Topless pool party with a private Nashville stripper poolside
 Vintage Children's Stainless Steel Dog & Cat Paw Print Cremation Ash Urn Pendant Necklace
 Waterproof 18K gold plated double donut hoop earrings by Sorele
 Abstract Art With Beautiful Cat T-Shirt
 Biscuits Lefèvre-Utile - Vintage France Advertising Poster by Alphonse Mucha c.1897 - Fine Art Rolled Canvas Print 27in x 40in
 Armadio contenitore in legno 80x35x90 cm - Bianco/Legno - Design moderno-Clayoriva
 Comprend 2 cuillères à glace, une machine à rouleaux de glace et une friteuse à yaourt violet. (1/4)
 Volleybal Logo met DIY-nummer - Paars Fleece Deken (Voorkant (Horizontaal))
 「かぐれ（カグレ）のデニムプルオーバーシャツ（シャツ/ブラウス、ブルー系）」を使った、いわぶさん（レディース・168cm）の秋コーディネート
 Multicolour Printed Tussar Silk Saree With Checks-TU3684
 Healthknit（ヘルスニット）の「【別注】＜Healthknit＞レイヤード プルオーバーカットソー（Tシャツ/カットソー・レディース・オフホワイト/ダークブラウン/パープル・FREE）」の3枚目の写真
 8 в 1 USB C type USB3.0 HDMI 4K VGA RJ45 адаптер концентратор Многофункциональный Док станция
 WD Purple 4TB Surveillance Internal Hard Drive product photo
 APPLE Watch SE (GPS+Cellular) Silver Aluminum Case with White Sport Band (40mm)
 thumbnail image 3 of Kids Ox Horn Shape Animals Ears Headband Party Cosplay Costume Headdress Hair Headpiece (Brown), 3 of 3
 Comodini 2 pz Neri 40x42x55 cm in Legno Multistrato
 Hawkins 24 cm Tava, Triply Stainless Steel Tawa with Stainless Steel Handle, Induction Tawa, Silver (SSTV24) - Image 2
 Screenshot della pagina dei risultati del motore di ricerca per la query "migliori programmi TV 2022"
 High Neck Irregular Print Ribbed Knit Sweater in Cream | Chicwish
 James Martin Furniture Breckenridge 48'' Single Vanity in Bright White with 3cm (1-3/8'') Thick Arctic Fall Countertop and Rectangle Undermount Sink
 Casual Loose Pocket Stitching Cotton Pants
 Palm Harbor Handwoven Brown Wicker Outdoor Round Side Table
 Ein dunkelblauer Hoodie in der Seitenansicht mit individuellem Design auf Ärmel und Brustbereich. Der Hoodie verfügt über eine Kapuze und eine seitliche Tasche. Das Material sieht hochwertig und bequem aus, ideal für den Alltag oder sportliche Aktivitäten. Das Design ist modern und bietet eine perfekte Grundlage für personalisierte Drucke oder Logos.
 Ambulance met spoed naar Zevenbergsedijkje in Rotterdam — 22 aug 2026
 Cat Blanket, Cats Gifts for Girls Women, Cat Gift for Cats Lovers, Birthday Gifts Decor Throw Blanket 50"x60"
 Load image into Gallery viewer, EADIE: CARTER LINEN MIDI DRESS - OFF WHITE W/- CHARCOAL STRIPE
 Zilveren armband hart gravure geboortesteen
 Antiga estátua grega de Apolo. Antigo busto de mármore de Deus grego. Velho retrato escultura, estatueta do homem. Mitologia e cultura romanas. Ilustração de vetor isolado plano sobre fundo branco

____________

Could you write out, exactly as they stand, only the lines above that begin at the line with "Volleybal Logo met" and stop after the line with "APPLE Watch SE"?

 Volleybal Logo met DIY-nummer - Paars Fleece Deken (Voorkant (Horizontaal))
 「かぐれ（カグレ）のデニムプルオーバーシャツ（シャツ/ブラウス、ブルー系）」を使った、いわぶさん（レディース・168cm）の秋コーディネート
 Multicolour Printed Tussar Silk Saree With Checks-TU3684
 Healthknit（ヘルスニット）の「【別注】＜Healthknit＞レイヤード プルオーバーカットソー（Tシャツ/カットソー・レディース・オフホワイト/ダークブラウン/パープル・FREE）」の3枚目の写真
 8 в 1 USB C type USB3.0 HDMI 4K VGA RJ45 адаптер концентратор Многофункциональный Док станция
 WD Purple 4TB Surveillance Internal Hard Drive product photo
 APPLE Watch SE (GPS+Cellular) Silver Aluminum Case with White Sport Band (40mm)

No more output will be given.